Préparation et choix des aliments

  • Utilisez des méthodes de cuisson sans gras : faites bouillir, grillez ou rôtir vos viandes, vos poissons ou vos volailles. Égouttez bien le gras, vous pouvez aussi utiliser des grilles pour la cuisson.
  • Évitez toute friture.
  • Utilisez des plats antiadhésifs ou de l’huile en aérosol (PAM) pour la cuisson.
  • Dégraissez vos soupes (plus facile quand elles sont refroidies).
  • Au lieu d'utiliser du beurre pour ajouter de la saveur à vos aliments, essayez du jus de citron, de la salsa ou encore de la crème sûre ou du yogourt à moins de 1 % M.G. L’ail et le gingembre sont aussi de bons compléments.
  • Consommez vos pâtes et légumes ‘’Al denté’’ ce qui affectera moins votre taux d’insuline.
  • Consommez uniquement des féculents (hydrates) composés de blé et ayant un haut niveau de fibres.
  • Consommez de 25 à 30 grammes de fibres par jour.

Repas au restaurant

  • N'hésitez pas à demander comment un plat est préparé.

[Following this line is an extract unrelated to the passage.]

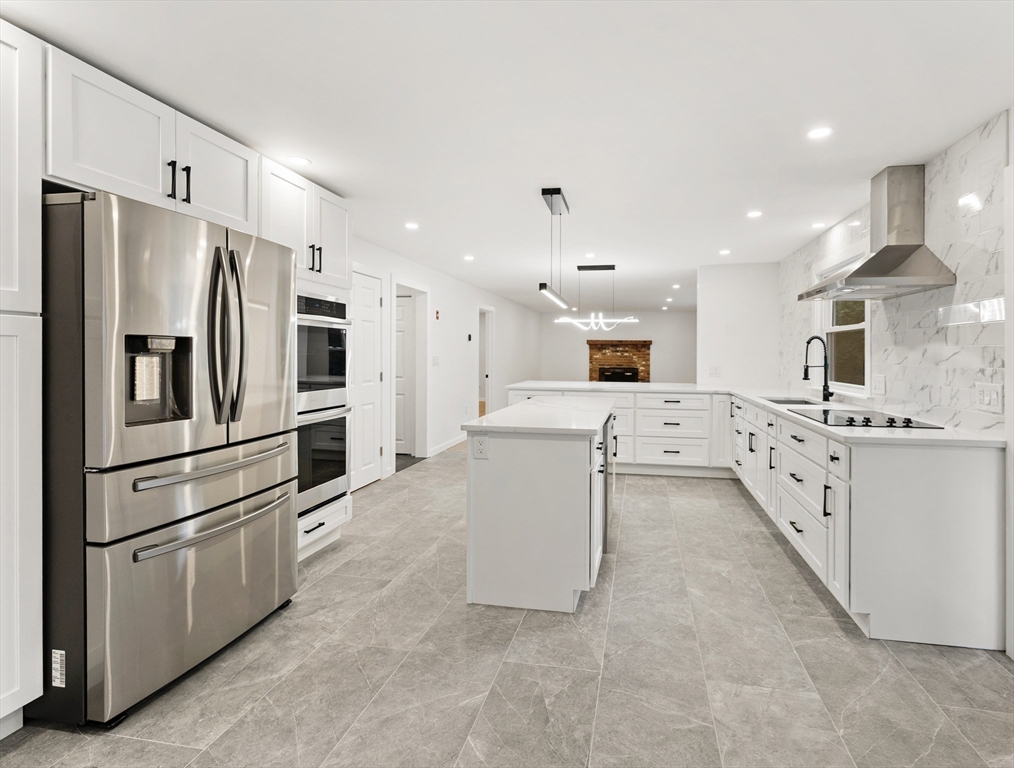 3 Stetson Circle Walpole, MA 02081 - Photo 8 of 42 a large kitchen with stainless steel appliances kitchen island granite countertop a refrigerator and a stove top oven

S'il est riche en matières grasses, demandez qu'on vous le prépare de manière différente ou qu'on change certains aliments.
  • Choisissez des aliments qui sont cuits à la vapeur, rôtis, grillés ou cuits au four. Évitez les aliments panés, frits et/ou marinés.
  • Évitez les aliments à base de crème. (Ex : sauce)
  • Demandez une sauce à salade ou une vinaigrette sans gras.
  • Demandez que les sauces et autres garnitures vous soient servies à part.

Réduisez le sel

  • Diminuez la quantité de sel dans la cuisson.
  • Limitez le sel à table.
  • Choisissez des produits faibles en sel.
  • Choisissez des aliments frais ou congelés.
  • Évitez les aliments en conserve ou précuits.
  • Lisez les étiquettes sur les produits alimentaires. Surveillez si le mot "sodium” apparaît au début de la liste des ingrédients.
  • Utilisez des fines herbes.
  • Rappeler vous que votre apport en sodium doit ce limiter à 2000mg par jour.